Hopefully things have changed since I graduated. I like Mr. Scientist's comments above, but I can tell you, you are (or were) few and far between.


What she said. Also a woman, also went to Harvard undergrad, also have gotten really strong reactions (often negative). With Harvard, in particular, it's less of a "you must be smart" and more of a "you must be rich."


I guess I'm surprised. I think men are more focused on what you look like and if you're good company. Maybe it is because I grew up in a highly educated part of the country but I just don't think anyone cares. I think graduates of these schools care because they kind of drill it into you at school about how great your school is and how smart you are. It reminds me of what I used to hear at my private grade school. I switched to public school and later on would be amazed as to how special my private school friends thought they were. They still talk about private school at the age of 35. No one cares and no, men are not intimidated by you or think you're rich because you went to a private high school they have never even heard of. Really you're single at 35 because you're unattractive and kind of a bitch.


I'm not talking just about men & dating. I've had professional colleagues who just can't get over it -- they find a reason to mention it Every Time they're talking with me. There was a woman (part of a larger group of friends) who never cared for me to begin with but REALLY hated that I went to Harvard. (She either never went to college or dropped out, which didn't matter to me, but I think she was sensitive about it.
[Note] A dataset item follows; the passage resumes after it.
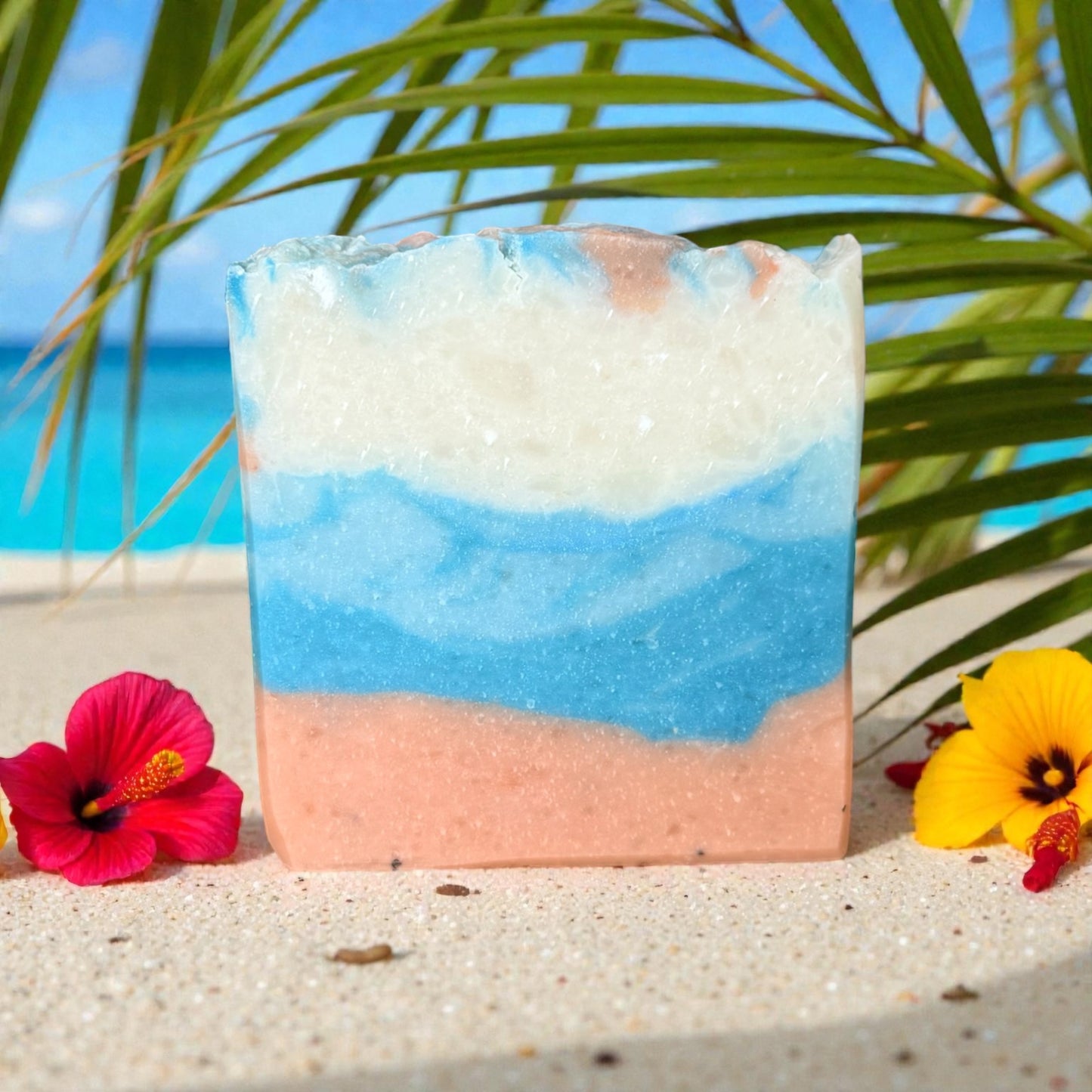 Artistic hawaiian hibiscus tallow soap bar with beach design on sand with flowers and palm leaves
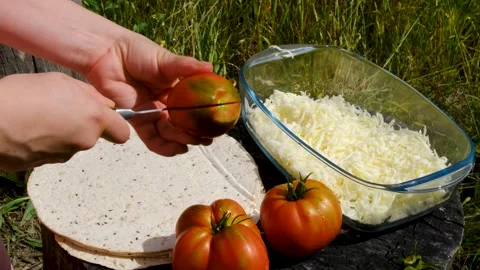 Recipe Fresh Cheese Grated by Hand for Homemade Tortilla with Garden Tomatoes Stock Footage 345169902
The negative reactions are by no means universal -- it's probably one in 50 or fewer? -- so I don't think it's me; I think it's other people's preconceptions. But it's still happened enough to make me wary of mentioning it when it's not really relevant.
Anonymous
And this is in DC pp, really? I would think someone who tried to conceal going to Harvard was pretentious in the extreme to assume that anyone cared around here. Rhodes Scholar or supreme court clerk, maybe. But Harvard is a dime a dozen.
Anonymous
Anonymous wrote:
Anonymous wrote:I went to MIT and agree with the Oxford grad.


+1

People get a chip on their shoulder, when they realize you are smarter than them.

Certain schools like to ANNOUNCE where they went to school, given the chance. Better schools do not. Unless you are one of them, there is no explaining the situation, as we live it. While it is not a bad problem to have, it is handled in a certain manner, depending on the school. Some alum don't have to toot their own horn. I will leave it at that.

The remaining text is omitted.